El silencio cayó en el auto por un tiempo; luego Fang Yuqi finalmente habló suavemente:
—Porque soy una chica, mi padre nunca quiso realmente que siguiera sus pasos, y mucho menos que estuviera en primera línea. Si descubre que me lesioné en esta misión, definitivamente encontrará la manera de transferirme a un trabajo de oficina.
—Tu padre también lo hace por tu bien. Mira lo descuidada que eres. Si no fuera por mí hoy, habrías estado en serios problemas —dijo Ye Chen seriamente.
—Tú…
Fang Yuqi estaba tan enojada que casi escupía sangre. Su cuerpo se movió involuntariamente, y luego un fuerte dolor la atravesó, un toque de frescura rojiza apareció en su ropa, haciendo que inhalara bruscamente sin querer.
—Dios mío, no deberías moverte con tu lesión; ten cuidado de no abrir la herida, o te dolerá aún más —dijo Ye Chen con una sonrisa amarga, sin atreverse a provocarla más. Los puntos de acupuntura que había sellado comenzaban a aflojarse, y necesitaba apresurarse a la casa de Fang Yuqi antes de que sufriera una pérdida importante de sangre, lo que sería bastante problemático.

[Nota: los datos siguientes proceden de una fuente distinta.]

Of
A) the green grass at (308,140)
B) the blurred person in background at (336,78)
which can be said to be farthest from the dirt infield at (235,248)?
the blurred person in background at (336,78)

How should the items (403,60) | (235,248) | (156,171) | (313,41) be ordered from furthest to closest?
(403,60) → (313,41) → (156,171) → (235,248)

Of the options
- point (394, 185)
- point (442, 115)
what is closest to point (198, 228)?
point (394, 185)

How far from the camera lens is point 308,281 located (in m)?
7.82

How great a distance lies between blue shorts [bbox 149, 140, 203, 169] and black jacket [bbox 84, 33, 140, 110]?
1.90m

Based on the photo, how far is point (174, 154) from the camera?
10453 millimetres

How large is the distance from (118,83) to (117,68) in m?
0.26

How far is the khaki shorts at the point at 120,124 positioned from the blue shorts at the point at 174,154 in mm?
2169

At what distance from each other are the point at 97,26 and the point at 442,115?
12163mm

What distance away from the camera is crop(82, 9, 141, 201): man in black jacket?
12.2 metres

Ye Chen siguió conduciendo, con la sirena encendida, acelerando al máximo.
«Conducir un coche de policía realmente es increíble».
Un destello de emoción cruzó el rostro de Ye Chen; el coche de policía de Fang Yuqi era bien conocido en Zhonghai e incluso cuando aceleraba al límite, pasándose varios semáforos en rojo, nadie se atrevía a detenerlo.
Incluso si algunos novatos querían intervenir, eran detenidos por colegas con más antigüedad. ¿Quién se atreve a interceptar el coche del Tiranosaurio Rex, acaso no quieren seguir trabajando en la estación?
Acelerando todo el camino, Ye Chen llegó a la zona residencial de Fang Yuqi.